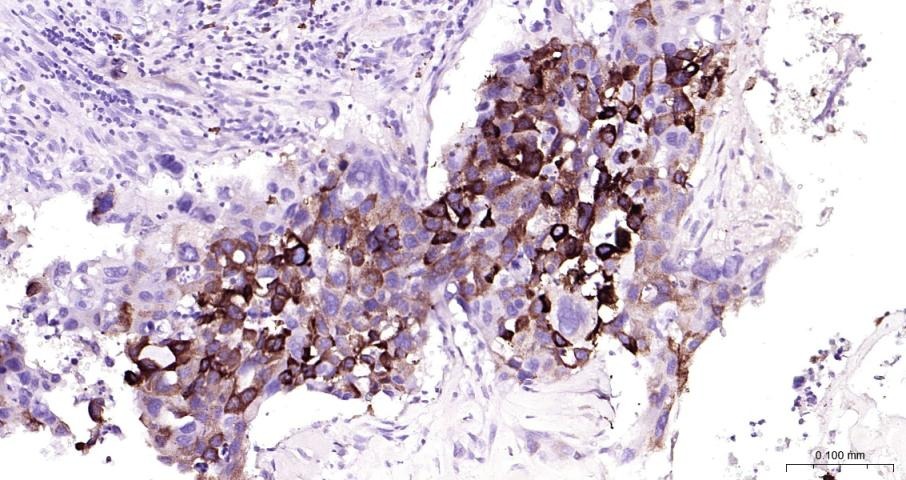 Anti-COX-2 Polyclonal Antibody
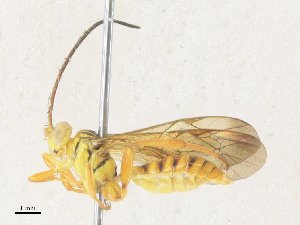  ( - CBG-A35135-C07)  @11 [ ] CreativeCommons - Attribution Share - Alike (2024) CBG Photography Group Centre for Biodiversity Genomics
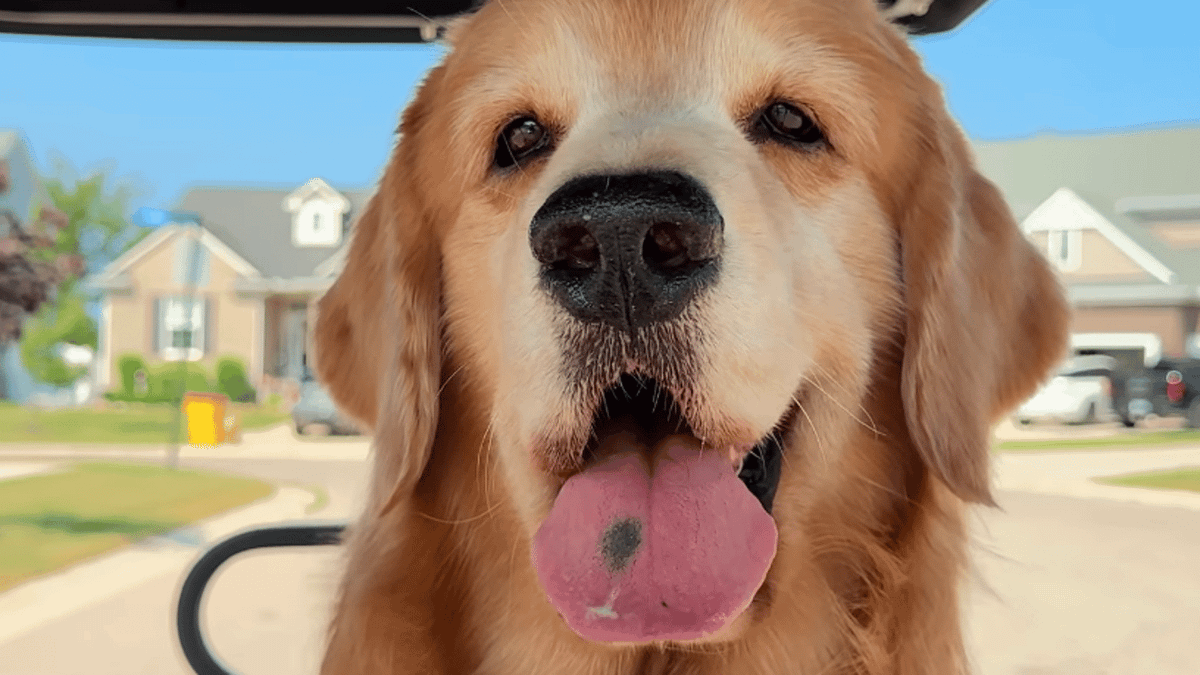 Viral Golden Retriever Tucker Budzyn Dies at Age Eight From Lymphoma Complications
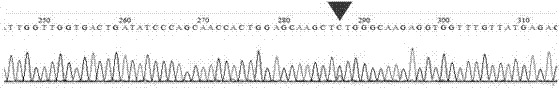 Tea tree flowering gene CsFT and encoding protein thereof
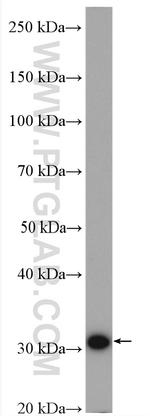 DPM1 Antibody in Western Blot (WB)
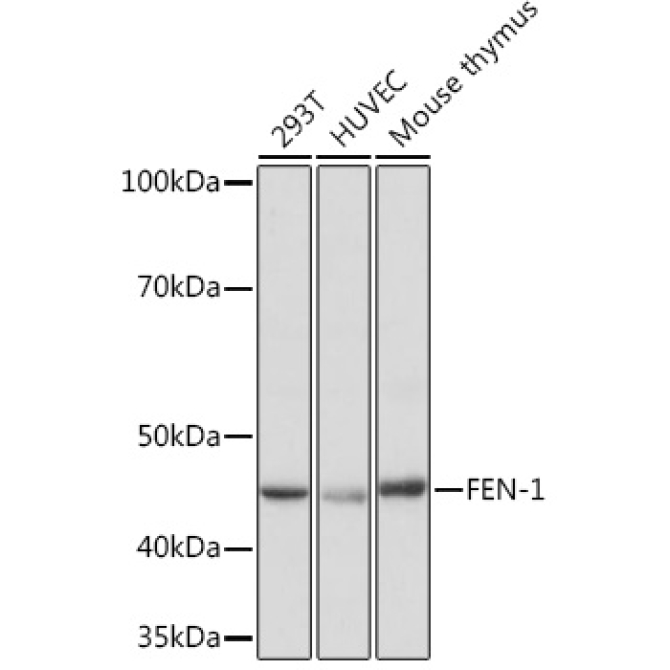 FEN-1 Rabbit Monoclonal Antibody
==
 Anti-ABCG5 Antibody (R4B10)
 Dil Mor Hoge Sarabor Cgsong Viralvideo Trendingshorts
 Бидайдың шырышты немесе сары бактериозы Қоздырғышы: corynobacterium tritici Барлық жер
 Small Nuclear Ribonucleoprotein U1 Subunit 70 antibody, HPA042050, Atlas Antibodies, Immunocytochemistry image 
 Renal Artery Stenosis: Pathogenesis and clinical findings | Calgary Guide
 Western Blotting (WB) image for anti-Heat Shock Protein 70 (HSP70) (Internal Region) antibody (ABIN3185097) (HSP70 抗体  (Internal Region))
---
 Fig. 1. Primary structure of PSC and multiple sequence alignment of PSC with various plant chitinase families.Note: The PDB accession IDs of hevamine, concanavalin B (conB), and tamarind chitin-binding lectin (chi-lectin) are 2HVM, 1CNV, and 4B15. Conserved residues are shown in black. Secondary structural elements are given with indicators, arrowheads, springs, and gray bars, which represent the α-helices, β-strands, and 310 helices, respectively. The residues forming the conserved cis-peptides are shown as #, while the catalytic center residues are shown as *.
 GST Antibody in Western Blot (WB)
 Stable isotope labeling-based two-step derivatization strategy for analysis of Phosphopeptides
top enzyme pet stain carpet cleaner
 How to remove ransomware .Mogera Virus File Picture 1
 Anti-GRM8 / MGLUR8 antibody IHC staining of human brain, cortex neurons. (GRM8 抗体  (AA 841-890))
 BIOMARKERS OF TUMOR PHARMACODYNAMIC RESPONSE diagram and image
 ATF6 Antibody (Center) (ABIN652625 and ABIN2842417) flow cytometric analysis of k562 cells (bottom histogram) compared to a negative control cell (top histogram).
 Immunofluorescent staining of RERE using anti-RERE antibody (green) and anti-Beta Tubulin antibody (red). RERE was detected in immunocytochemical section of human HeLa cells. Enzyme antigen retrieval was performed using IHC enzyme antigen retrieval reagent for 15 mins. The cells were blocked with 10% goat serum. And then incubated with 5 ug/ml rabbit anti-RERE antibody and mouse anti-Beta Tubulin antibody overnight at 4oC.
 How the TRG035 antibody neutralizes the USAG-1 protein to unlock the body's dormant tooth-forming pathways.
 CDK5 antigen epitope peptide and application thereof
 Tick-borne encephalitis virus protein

Task instructions:
In the listing above, transcribe exactly everything from the line containing "How the TRG035" down to the line containing "Tick-borne encephalitis virus protein", including both and nothing more.

Answer to this exercise:
 How the TRG035 antibody neutralizes the USAG-1 protein to unlock the body's dormant tooth-forming pathways.
 CDK5 antigen epitope peptide and application thereof
 Tick-borne encephalitis virus protein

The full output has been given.